I was delighted to hear that the new Government has agreed to an independent review of the 1994 Chinook helicopter crash where 29 people died. This is very good news indeed. Since the crash the Church of Scotland has both provided pastoral support for the families and repeatedly urged the Ministry of Defence to reconsider the judgement of “gross negligence” against the 2 pilots.

The three enquires that have taken place already have raised more questions than they have answered. Crucial questions have been raised in particular about the computer control systems which have been ignored by the MOD.

I hope that after this inquiry the families of the victims and the families of the pilots will finally achieved a sense of closure. Its been almost 16 years and that in itself is an injustice.

World Week for Peace in Palestine and Israel

Every year the World Council of Churches, which the Church of Scotland is a member, runs a programme to support peace in Palestine and Israel.
The ‘World Week for Peace in Palestine and Israel’ has been running for a number of years and is becoming more established as part of the church year. This year it runs from tomorrow, Saturday 29 May to Friday 4 June.
There are three main strands:

1. Prayer – to pray for peace, for justice and alongside Christian communities living in the Holy Land.

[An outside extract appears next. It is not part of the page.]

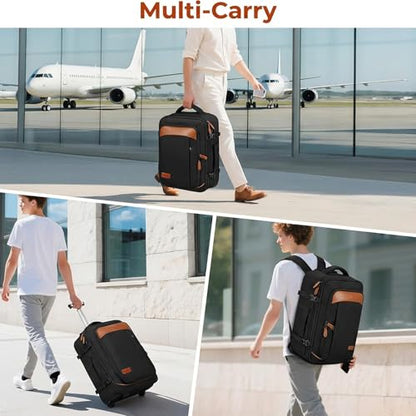 Vancropak Travel Backpack with Wheels, Rolling Backpack Fits 17.3" Laptop | Flight Approved Wheeled Luggage, Expandable Business Travel Suitcase, Womens Work Backpack, 3 Packing Cubes, Water Resistant - color: Black Brown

2. Educate – raise awareness about the conflict, the issues, and the situation facing people living in Palestine and Israel.

3. Advocate – working in partnership to ask decision-makers to work for a lasting peace.

A number of resources have been specially produced for this year, including:

  • An information leaflet produced by an alliance of UK churches and Christian organisations
  • A worship liturgy produced by Irish churches
  • The ‘Jerusalem Prayer’, a special prayer for peace composed by church leaders in Jerusalem that will be used in churches all over the world on Sunday.
Lots more is available on the WCC website.
One exciting development that I am interested in has been taken up by the UK Ecumenical Council on Corporate Responsibility. They have started a campaign to try to improve the labelling of produce from the Occupied Territories, and asking retailers to stop selling and consumers to stop buying things from Israeli settlements in the West Bank and East Jerusalem. These settlements are illegal under international law, have been criticised by the UN and their continued existence is a block to a permanent peace settlement.


Wednesday, 19 May 2010

Child detention is a scandal – it must end now.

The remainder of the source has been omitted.